Once the line containing "цвет хромированный Кружка" is found in the entries below, reproduce it and every line after it, stopping at and including the line containing "White - Image 6"; reproduce nothing else, and keep each line exact.

- Data under study -
▬▬▬

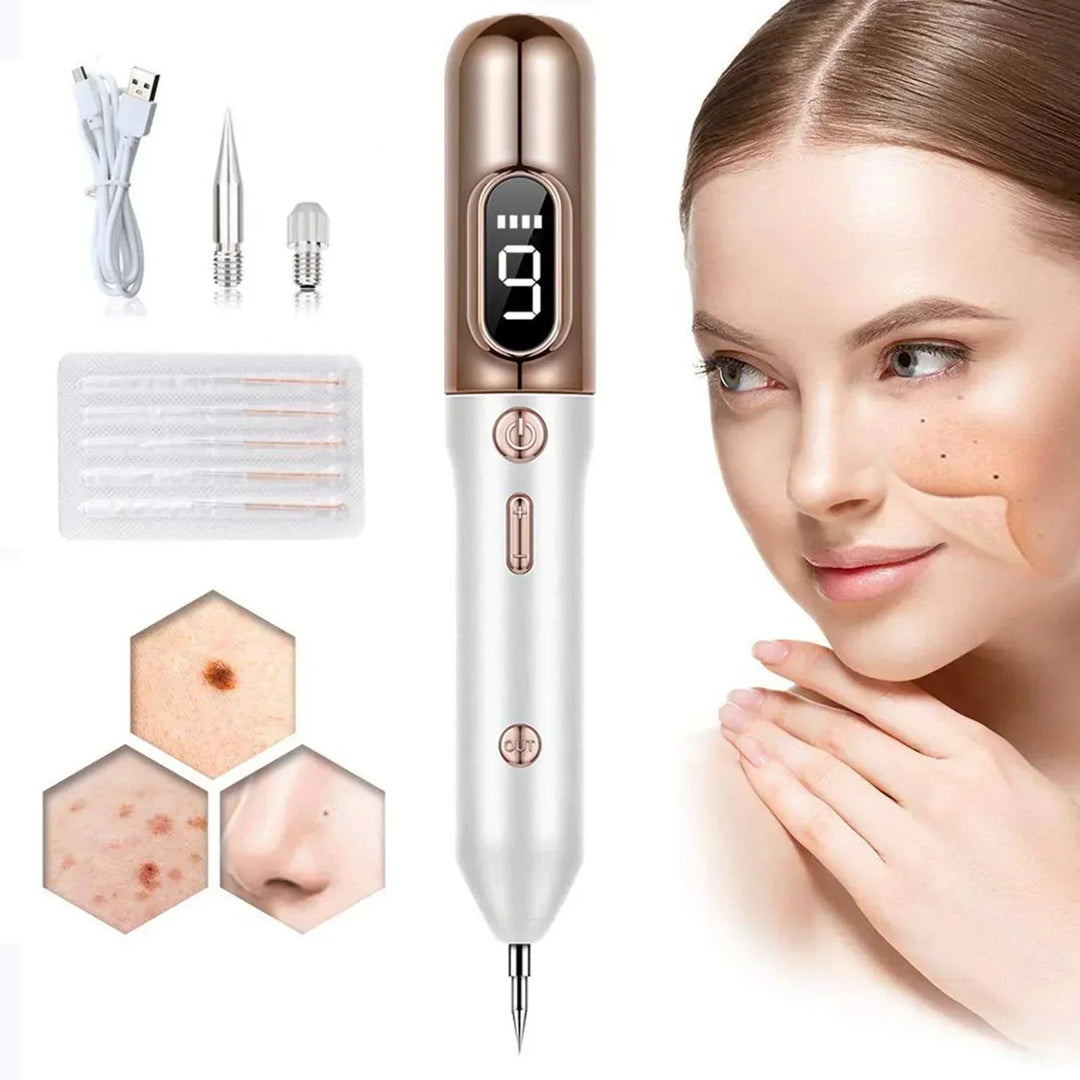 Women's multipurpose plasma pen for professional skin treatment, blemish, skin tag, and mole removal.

▬▬▬

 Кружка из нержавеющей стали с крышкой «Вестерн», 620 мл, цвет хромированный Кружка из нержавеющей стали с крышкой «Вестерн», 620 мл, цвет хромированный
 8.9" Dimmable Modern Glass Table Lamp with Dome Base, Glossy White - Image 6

▬▬▬

- Response area -
 Кружка из нержавеющей стали с крышкой «Вестерн», 620 мл, цвет хромированный Кружка из нержавеющей стали с крышкой «Вестерн», 620 мл, цвет хромированный
 8.9" Dimmable Modern Glass Table Lamp with Dome Base, Glossy White - Image 6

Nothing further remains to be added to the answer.